What bothers me most about the movie . . . is the lack of characterization . . . If JJ says "it's about the relationships" and then clearly spends time making an action film about the story, then it's a bait-and-switch.
What both of Abrams' films rely upon pretty heavily -- despite being very carefully crafted to convey as clearly as possible that this is not your father's Trek -- is prior knowledge of the characters and their relationship. Kirk and Spock are conceived and delivered (and in an unusual and somewhat painfully ham-handed way in ST09, we're explicitly told that they are) a destined dramatic unit in the same sense as Alfred and Bruce Wayne, or Sherlock Holmes and Watson.

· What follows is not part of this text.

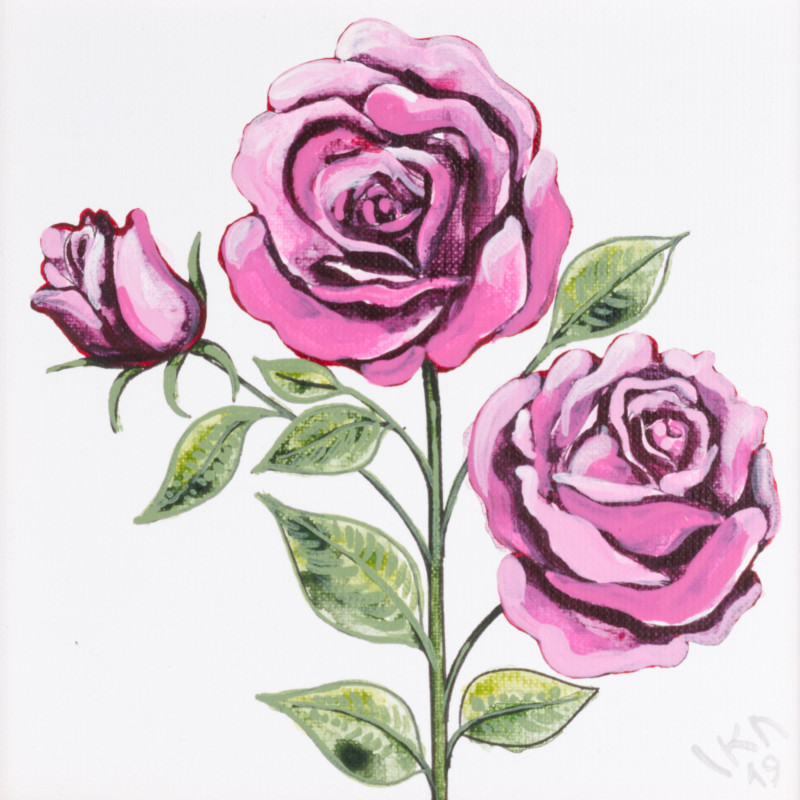 Róże malowane farbami akrylowymi na płótnie_photo1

Within those parameters, the relationship between Kirk and Spock actually does take center stage. Their arcs are the most clearly conceived and delivered elements of either film's stories: ST09 is about them learning about and accepting their shared "destinies" (ugh), STiD is about them learning to fully understand and accept their friendship.

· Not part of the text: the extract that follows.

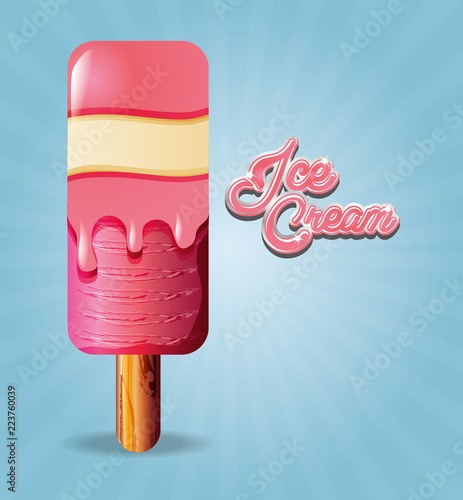 delicious ice cream in stick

But yes, it's quite true that we are told about
more than we're shown
the foundations of their relationship to a degree that's unusual even for a reboot; STiD in particular seems to rely on us reading an implied now-long-standing friendship into an onscreen relationship that doesn't really feel like longstanding friendship.
They don't seem to be making Kirk very likable or competent.

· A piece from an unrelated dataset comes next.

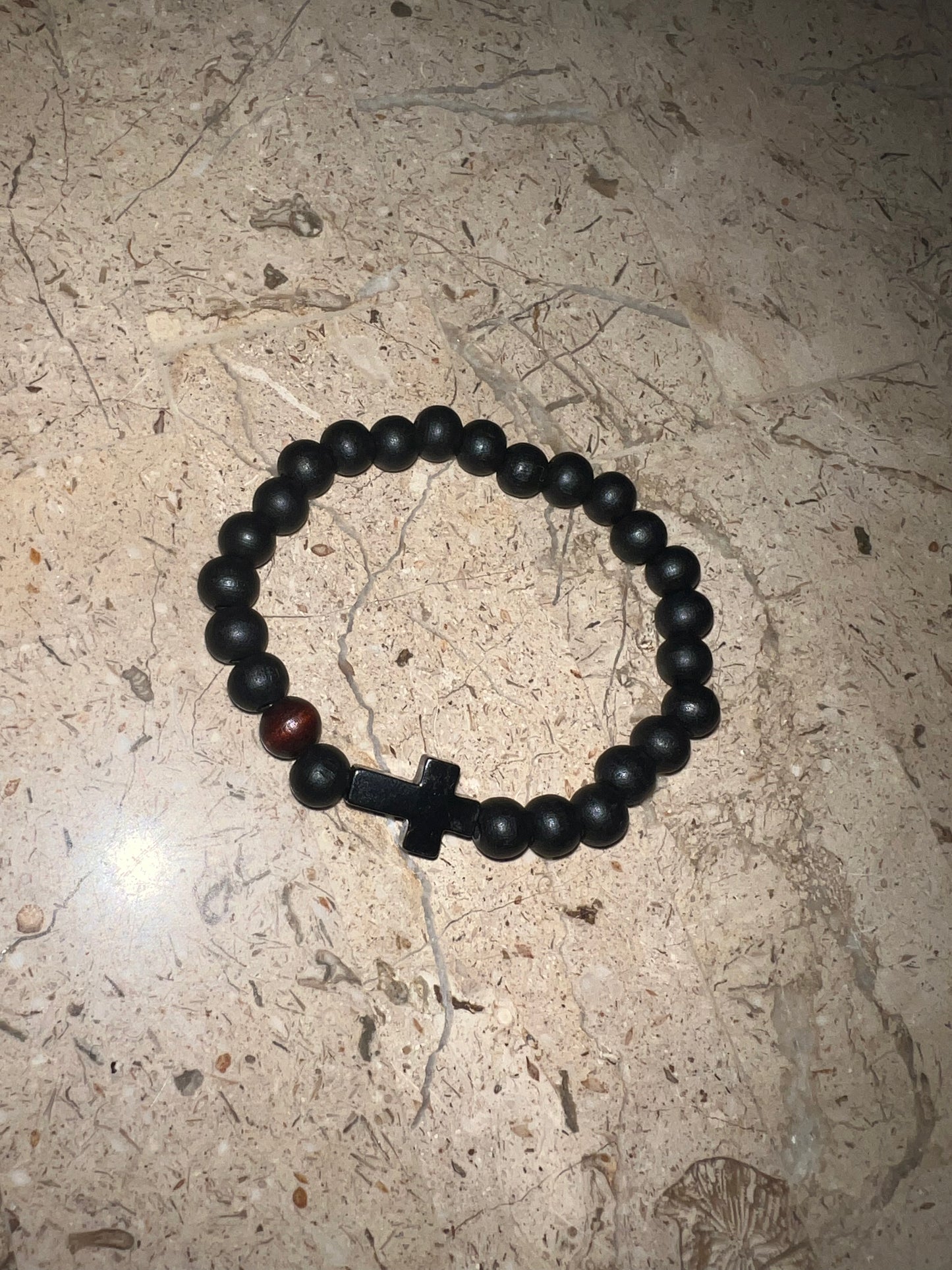 All Black Cross Beaded Bracelet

I think he's likable enough*, but I'm mystified from what we see of him why everyone seems to have so much faith in him as a leader of men (apart from the fact that we as the audience are meant to cut him a break because of course He's The Main Character). I think this is a flaw in the conception of the NuTrek crew as a whole: they've been thrown together like a superhero team with an inherent "right" to their positions, but as likeable as they are separately, they don't feel believable as a competent, disciplined crew of a ship.
* More than this, I think his relative rawness, lack of discipline and seat-of-the-pants style is
actually a believable outcome of his changed backstory. It's just not believable that they keep putting him in command of their "flagship" with those qualities.
Outside of Admiral Marcus creating a super ship, there is nothing of note or makes any logical sense. . . And then the nods, ripoffs during the key moments of the movie. . .
These are the biggest problems for me by far: the massive, sometimes seemingly deliberate illogic of the stories (and settings and character concepts), and the mistaking of clever reference and fan-service for good writing. I don't mind clever reference or fan-service, mind you, but they're not a substitute for a story that makes sense.